◆ Work instruction ◆
Present the lines below again, exactly as they stand.

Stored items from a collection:
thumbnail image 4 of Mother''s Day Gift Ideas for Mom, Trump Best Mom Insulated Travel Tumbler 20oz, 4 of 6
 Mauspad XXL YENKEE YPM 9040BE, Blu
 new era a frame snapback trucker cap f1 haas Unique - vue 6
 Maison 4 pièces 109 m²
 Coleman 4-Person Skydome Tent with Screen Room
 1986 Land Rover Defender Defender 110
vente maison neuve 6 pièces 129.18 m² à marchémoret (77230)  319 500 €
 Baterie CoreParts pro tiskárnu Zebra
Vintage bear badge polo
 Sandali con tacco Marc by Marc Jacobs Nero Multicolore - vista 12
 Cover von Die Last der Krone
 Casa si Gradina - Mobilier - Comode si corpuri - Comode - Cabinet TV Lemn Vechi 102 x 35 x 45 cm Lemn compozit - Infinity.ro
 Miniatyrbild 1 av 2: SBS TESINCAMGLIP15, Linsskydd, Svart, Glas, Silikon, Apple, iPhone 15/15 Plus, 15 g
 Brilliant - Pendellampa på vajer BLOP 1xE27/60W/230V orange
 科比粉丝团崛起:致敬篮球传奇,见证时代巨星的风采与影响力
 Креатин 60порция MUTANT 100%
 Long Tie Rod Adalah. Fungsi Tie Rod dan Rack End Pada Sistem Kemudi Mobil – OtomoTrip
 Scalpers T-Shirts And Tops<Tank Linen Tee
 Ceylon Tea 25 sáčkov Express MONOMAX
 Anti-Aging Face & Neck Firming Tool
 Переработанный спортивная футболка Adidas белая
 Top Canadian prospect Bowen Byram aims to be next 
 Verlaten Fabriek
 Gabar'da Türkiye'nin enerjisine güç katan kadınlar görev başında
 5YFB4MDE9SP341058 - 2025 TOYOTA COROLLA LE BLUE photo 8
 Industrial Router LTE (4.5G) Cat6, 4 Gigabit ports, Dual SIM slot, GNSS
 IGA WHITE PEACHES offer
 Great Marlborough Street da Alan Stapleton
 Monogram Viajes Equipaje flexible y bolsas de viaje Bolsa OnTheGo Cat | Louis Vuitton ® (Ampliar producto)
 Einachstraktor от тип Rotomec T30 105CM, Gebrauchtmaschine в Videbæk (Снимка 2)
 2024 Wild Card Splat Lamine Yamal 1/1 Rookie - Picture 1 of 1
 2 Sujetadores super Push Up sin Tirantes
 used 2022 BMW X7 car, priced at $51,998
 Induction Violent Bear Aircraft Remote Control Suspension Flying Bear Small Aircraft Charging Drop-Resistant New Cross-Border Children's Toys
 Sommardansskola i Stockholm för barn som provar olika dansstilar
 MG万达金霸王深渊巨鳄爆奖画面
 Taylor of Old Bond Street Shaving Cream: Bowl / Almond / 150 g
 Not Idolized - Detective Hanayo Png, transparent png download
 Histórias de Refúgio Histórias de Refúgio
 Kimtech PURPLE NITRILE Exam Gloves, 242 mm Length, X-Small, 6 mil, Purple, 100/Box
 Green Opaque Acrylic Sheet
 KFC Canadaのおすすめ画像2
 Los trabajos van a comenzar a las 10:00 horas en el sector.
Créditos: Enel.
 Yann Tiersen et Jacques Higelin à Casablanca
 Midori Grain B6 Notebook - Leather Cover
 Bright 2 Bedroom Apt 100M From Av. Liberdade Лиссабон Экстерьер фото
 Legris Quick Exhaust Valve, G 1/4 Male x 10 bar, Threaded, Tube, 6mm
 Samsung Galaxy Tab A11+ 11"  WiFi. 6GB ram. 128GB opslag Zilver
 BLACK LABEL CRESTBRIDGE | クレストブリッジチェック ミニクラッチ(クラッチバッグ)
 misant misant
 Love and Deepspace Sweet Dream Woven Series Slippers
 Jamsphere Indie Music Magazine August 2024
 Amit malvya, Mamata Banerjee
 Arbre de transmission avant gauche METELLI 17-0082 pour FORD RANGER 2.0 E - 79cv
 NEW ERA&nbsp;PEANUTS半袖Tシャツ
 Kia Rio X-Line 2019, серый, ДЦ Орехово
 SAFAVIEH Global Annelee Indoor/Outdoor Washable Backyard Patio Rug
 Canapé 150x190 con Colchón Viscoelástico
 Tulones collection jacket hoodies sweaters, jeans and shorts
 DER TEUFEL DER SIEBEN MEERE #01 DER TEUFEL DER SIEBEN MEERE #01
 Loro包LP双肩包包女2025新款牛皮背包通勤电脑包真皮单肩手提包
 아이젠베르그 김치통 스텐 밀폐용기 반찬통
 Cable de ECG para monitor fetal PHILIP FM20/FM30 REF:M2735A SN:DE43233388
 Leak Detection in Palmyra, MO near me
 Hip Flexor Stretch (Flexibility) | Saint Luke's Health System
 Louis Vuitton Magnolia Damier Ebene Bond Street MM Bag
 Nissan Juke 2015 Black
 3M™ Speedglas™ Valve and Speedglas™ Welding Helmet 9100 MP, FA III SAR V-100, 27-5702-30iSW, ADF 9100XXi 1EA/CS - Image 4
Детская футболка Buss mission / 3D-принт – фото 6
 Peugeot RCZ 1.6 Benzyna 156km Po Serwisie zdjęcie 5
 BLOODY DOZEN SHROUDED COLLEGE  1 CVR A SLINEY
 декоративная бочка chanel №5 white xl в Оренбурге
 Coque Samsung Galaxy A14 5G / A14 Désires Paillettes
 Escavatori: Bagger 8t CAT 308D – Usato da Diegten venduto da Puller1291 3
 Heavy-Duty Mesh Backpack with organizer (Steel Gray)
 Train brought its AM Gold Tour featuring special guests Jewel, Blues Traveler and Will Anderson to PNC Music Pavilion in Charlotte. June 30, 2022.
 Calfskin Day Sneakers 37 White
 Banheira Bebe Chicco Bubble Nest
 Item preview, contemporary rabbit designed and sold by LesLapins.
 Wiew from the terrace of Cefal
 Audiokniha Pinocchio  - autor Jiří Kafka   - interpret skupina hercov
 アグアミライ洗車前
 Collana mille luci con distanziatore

◆ Task result ◆
thumbnail image 4 of Mother''s Day Gift Ideas for Mom, Trump Best Mom Insulated Travel Tumbler 20oz, 4 of 6
 Mauspad XXL YENKEE YPM 9040BE, Blu
 new era a frame snapback trucker cap f1 haas Unique - vue 6
 Maison 4 pièces 109 m²
 Coleman 4-Person Skydome Tent with Screen Room
 1986 Land Rover Defender Defender 110
vente maison neuve 6 pièces 129.18 m² à marchémoret (77230)  319 500 €
 Baterie CoreParts pro tiskárnu Zebra
Vintage bear badge polo
 Sandali con tacco Marc by Marc Jacobs Nero Multicolore - vista 12
 Cover von Die Last der Krone
 Casa si Gradina - Mobilier - Comode si corpuri - Comode - Cabinet TV Lemn Vechi 102 x 35 x 45 cm Lemn compozit - Infinity.ro
 Miniatyrbild 1 av 2: SBS TESINCAMGLIP15, Linsskydd, Svart, Glas, Silikon, Apple, iPhone 15/15 Plus, 15 g
 Brilliant - Pendellampa på vajer BLOP 1xE27/60W/230V orange
 科比粉丝团崛起:致敬篮球传奇,见证时代巨星的风采与影响力
 Креатин 60порция MUTANT 100%
 Long Tie Rod Adalah. Fungsi Tie Rod dan Rack End Pada Sistem Kemudi Mobil – OtomoTrip
 Scalpers T-Shirts And Tops<Tank Linen Tee
 Ceylon Tea 25 sáčkov Express MONOMAX
 Anti-Aging Face & Neck Firming Tool
 Переработанный спортивная футболка Adidas белая
 Top Canadian prospect Bowen Byram aims to be next 
 Verlaten Fabriek
 Gabar'da Türkiye'nin enerjisine güç katan kadınlar görev başında
 5YFB4MDE9SP341058 - 2025 TOYOTA COROLLA LE BLUE photo 8
 Industrial Router LTE (4.5G) Cat6, 4 Gigabit ports, Dual SIM slot, GNSS
 IGA WHITE PEACHES offer
 Great Marlborough Street da Alan Stapleton
 Monogram Viajes Equipaje flexible y bolsas de viaje Bolsa OnTheGo Cat | Louis Vuitton ® (Ampliar producto)
 Einachstraktor от тип Rotomec T30 105CM, Gebrauchtmaschine в Videbæk (Снимка 2)
 2024 Wild Card Splat Lamine Yamal 1/1 Rookie - Picture 1 of 1
 2 Sujetadores super Push Up sin Tirantes
 used 2022 BMW X7 car, priced at $51,998
 Induction Violent Bear Aircraft Remote Control Suspension Flying Bear Small Aircraft Charging Drop-Resistant New Cross-Border Children's Toys
 Sommardansskola i Stockholm för barn som provar olika dansstilar
 MG万达金霸王深渊巨鳄爆奖画面
 Taylor of Old Bond Street Shaving Cream: Bowl / Almond / 150 g
 Not Idolized - Detective Hanayo Png, transparent png download
 Histórias de Refúgio Histórias de Refúgio
 Kimtech PURPLE NITRILE Exam Gloves, 242 mm Length, X-Small, 6 mil, Purple, 100/Box
 Green Opaque Acrylic Sheet
 KFC Canadaのおすすめ画像2
 Los trabajos van a comenzar a las 10:00 horas en el sector.
Créditos: Enel.
 Yann Tiersen et Jacques Higelin à Casablanca
 Midori Grain B6 Notebook - Leather Cover
 Bright 2 Bedroom Apt 100M From Av. Liberdade Лиссабон Экстерьер фото
 Legris Quick Exhaust Valve, G 1/4 Male x 10 bar, Threaded, Tube, 6mm
 Samsung Galaxy Tab A11+ 11"  WiFi. 6GB ram. 128GB opslag Zilver
 BLACK LABEL CRESTBRIDGE | クレストブリッジチェック ミニクラッチ(クラッチバッグ)
 misant misant
 Love and Deepspace Sweet Dream Woven Series Slippers
 Jamsphere Indie Music Magazine August 2024
 Amit malvya, Mamata Banerjee
 Arbre de transmission avant gauche METELLI 17-0082 pour FORD RANGER 2.0 E - 79cv
 NEW ERA&nbsp;PEANUTS半袖Tシャツ
 Kia Rio X-Line 2019, серый, ДЦ Орехово
 SAFAVIEH Global Annelee Indoor/Outdoor Washable Backyard Patio Rug
 Canapé 150x190 con Colchón Viscoelástico
 Tulones collection jacket hoodies sweaters, jeans and shorts
 DER TEUFEL DER SIEBEN MEERE #01 DER TEUFEL DER SIEBEN MEERE #01
 Loro包LP双肩包包女2025新款牛皮背包通勤电脑包真皮单肩手提包
 아이젠베르그 김치통 스텐 밀폐용기 반찬통
 Cable de ECG para monitor fetal PHILIP FM20/FM30 REF:M2735A SN:DE43233388
 Leak Detection in Palmyra, MO near me
 Hip Flexor Stretch (Flexibility) | Saint Luke's Health System
 Louis Vuitton Magnolia Damier Ebene Bond Street MM Bag
 Nissan Juke 2015 Black
 3M™ Speedglas™ Valve and Speedglas™ Welding Helmet 9100 MP, FA III SAR V-100, 27-5702-30iSW, ADF 9100XXi 1EA/CS - Image 4
Детская футболка Buss mission / 3D-принт – фото 6
 Peugeot RCZ 1.6 Benzyna 156km Po Serwisie zdjęcie 5
 BLOODY DOZEN SHROUDED COLLEGE  1 CVR A SLINEY
 декоративная бочка chanel №5 white xl в Оренбурге
 Coque Samsung Galaxy A14 5G / A14 Désires Paillettes
 Escavatori: Bagger 8t CAT 308D – Usato da Diegten venduto da Puller1291 3
 Heavy-Duty Mesh Backpack with organizer (Steel Gray)
 Train brought its AM Gold Tour featuring special guests Jewel, Blues Traveler and Will Anderson to PNC Music Pavilion in Charlotte. June 30, 2022.
 Calfskin Day Sneakers 37 White
 Banheira Bebe Chicco Bubble Nest
 Item preview, contemporary rabbit designed and sold by LesLapins.
 Wiew from the terrace of Cefal
 Audiokniha Pinocchio  - autor Jiří Kafka   - interpret skupina hercov
 アグアミライ洗車前
 Collana mille luci con distanziatore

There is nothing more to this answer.